Though drifting on the night’s dark sea,
though north and south have fallen off your chart,
the compass points at you unfailingly.
You are the destination: start
to swim: a guiding current will give you heart.
Kingdom
That cheap hotel room
just within the massive walls of old St. Malo:
that small, airless, paid-for-in-cash room
whose narrow window overlooked the cafe terrace,
which that afternoon was slow and murmuring:
that dim hot haven of a room
with yellow walls -- or were they yellowed? –
and through whose slightly parted curtains
slanting sunlight glorified a shaft of languid dust:
that moment when I wakened there, my love beside me
napping still, as were our little children head-to-toe
upon the sagging slender bed a step from ours:
that last-room-in-the-inn where, as I lay,
their drowsy give and take of breath dwelled peaceably
amid the distant café clink of cutlery and glassware:
that was my momentary kingdom.
House
A little house of greying shingles, say,
with bright red shutters and a warped red door
stumbling on a crooked porch which may
or may not creak when the wind's onshore;
an old sea-humbled cottage, if you will,
leeward leaning, indifferently snug,
the salt-swell warping every window sill,
the sand recalcitrant in every rug;
a gangly bungalow with peeling paint
and closet doors which will not shut when told,
a place of memories near or faint,
a beach for holding hands and growing old.
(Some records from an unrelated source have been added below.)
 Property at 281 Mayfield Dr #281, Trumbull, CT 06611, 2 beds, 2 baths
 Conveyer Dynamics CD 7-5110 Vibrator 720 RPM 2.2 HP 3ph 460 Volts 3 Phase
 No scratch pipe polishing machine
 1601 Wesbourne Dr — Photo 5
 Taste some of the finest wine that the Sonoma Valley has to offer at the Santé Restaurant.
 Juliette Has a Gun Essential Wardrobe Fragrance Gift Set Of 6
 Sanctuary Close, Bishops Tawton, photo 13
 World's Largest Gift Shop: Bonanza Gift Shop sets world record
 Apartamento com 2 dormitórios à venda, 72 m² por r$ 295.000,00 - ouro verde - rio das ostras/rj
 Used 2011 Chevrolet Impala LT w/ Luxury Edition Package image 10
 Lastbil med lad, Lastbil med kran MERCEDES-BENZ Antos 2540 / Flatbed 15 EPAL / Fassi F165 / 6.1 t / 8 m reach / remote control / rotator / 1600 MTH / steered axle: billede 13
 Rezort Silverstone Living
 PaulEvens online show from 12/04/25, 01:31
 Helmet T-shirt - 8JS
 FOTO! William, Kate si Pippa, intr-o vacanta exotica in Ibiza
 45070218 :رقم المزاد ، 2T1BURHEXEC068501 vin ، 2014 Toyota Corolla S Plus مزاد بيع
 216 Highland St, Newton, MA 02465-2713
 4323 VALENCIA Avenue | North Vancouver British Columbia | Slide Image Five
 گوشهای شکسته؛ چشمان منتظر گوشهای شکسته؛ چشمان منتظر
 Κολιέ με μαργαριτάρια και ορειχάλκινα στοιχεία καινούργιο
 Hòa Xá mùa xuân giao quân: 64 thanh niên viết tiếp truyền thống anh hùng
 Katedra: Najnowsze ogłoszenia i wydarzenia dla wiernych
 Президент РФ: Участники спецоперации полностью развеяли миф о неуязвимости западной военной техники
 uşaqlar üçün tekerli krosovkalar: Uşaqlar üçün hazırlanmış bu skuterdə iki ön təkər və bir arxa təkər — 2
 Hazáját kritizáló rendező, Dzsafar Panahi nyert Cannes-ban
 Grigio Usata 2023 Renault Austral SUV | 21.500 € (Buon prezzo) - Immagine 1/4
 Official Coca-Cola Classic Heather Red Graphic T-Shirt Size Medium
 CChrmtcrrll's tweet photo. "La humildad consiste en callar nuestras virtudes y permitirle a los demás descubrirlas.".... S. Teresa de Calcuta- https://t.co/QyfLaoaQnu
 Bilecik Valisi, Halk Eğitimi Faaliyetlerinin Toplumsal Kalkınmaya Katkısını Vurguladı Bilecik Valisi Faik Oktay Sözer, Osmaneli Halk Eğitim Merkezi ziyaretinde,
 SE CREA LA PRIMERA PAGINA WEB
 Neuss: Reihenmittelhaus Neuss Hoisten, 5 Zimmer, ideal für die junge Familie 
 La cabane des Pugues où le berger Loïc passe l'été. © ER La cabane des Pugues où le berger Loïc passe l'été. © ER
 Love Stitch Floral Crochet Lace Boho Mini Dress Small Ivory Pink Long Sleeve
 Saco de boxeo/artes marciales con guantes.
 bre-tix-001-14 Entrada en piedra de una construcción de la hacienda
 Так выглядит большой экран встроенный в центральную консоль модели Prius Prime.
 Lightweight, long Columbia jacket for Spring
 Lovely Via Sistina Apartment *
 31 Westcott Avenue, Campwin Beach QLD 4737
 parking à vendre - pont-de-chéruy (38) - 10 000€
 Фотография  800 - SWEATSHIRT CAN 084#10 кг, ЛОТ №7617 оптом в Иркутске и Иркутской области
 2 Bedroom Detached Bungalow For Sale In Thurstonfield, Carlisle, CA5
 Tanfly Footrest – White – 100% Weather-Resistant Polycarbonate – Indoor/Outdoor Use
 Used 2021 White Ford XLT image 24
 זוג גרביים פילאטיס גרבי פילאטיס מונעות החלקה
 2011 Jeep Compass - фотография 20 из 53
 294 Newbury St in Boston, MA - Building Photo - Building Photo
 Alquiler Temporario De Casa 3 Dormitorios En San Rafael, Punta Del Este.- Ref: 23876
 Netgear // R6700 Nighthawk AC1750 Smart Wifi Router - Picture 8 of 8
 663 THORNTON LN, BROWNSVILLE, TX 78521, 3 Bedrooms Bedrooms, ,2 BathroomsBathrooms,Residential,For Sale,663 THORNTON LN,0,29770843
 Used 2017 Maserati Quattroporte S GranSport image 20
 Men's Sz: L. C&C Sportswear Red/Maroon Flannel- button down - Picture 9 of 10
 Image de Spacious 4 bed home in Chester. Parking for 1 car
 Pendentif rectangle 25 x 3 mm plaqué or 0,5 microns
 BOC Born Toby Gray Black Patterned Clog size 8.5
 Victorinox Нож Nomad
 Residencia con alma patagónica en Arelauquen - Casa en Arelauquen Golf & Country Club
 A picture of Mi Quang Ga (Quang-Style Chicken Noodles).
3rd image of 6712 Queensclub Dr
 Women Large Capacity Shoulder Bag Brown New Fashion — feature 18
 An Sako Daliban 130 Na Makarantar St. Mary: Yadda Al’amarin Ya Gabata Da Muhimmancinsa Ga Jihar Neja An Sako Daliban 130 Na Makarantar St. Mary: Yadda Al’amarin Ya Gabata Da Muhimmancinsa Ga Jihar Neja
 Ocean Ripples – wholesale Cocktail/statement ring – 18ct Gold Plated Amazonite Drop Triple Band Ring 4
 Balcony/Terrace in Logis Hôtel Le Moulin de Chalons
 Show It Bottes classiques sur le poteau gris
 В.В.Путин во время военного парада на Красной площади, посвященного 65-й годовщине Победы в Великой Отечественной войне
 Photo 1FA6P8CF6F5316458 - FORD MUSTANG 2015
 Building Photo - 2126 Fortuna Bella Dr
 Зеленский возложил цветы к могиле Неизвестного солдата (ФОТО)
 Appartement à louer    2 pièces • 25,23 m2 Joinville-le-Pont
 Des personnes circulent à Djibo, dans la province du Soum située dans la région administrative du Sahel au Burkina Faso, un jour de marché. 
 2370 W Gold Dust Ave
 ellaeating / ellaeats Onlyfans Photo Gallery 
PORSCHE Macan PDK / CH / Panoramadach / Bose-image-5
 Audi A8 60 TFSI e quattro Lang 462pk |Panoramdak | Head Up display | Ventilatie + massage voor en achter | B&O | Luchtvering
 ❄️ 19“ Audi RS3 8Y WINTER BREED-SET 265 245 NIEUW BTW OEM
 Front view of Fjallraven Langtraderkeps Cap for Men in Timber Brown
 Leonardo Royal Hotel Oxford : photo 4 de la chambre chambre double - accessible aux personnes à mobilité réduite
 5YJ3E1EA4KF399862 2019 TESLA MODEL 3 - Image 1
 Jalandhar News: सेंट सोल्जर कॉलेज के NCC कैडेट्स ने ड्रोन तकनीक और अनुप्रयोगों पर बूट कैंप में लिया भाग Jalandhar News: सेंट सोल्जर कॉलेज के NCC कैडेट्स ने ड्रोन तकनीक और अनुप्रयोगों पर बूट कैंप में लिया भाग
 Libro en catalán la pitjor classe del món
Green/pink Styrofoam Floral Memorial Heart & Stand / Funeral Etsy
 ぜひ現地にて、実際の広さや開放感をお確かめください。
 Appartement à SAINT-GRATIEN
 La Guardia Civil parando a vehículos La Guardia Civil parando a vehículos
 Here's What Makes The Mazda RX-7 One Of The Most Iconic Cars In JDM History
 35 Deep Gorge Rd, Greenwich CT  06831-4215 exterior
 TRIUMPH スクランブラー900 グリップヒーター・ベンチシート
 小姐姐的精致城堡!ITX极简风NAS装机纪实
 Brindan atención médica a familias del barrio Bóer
In time its hearth will grow as cold as dirt
upon a grave. Yes, a life may sweetly hurt.
Immortality*
(While Awaiting the Subway)
What did she see −
that young and purely solitary woman
standing in the cool gray silence of the subway stop
as though composed by a photographer,
book in hand, intently reading,
her choral lips and quilted sky-blue coat
the only colors in that timeless light –
what did she see, as looking up
amid the turning of a page, her eyes met mine?
Perhaps I was a man
no longer of an age to hope
for her reciprocal regard,
though the truth is it was not at her
that I’d been looking,
or should I say not only at her,
but at the book
in which she was so deeply steeped
I had to know its title.
My eyes were good
though not so good as they used to be –
what is?
so as if to scan the twi-lit track
for the train I hoped would be delayed,
I took a step obliquely towards her,
until just glimpsing the elusive cover
of her book, just as her languid hand
turned over that transforming page,
just as her breasts rose up then subtly set
on the impassioned breath she drew
which seemed in turn to lift her chin,
the dying cadence in a melody of motion
I could not help but follow --
until her eyes met mine.
What did I see
if not a shining instant of her wonder?
if not the lingering light reflected from
whatever fire burned within the words just read?
which in the moment of my marveling
was suddenly eclipsed
by her perception of whatever darkness skulked
in my beholding mind,
was smothered by a gathering gloom
of fear, contempt, and violation –
for something had been violated –
and in the mute unmeaning moment
of that cool gray gulf of time and space
she turned her back to me,
retreated up the platform,
then deftly re-composed herself,
her sky-blue back still turned,
the open book once more in hand.
The very silence tittered at my shame
even as a plaintive voice within me cried
No please! You don’t understand!
I’m not like other men – I too read books –
For me as well as you
a fateful train will all too soon arrive…
I might have crossed to where she stood
and might have said these things,
but history cast its iron shadow
even on my dumb paralysis,
since in New York it’s dangerous
for strangers at a subway stop
to seek an understanding.
And yet, how can I not remember
that her eyes were blue
and that the title of her book was Immortality?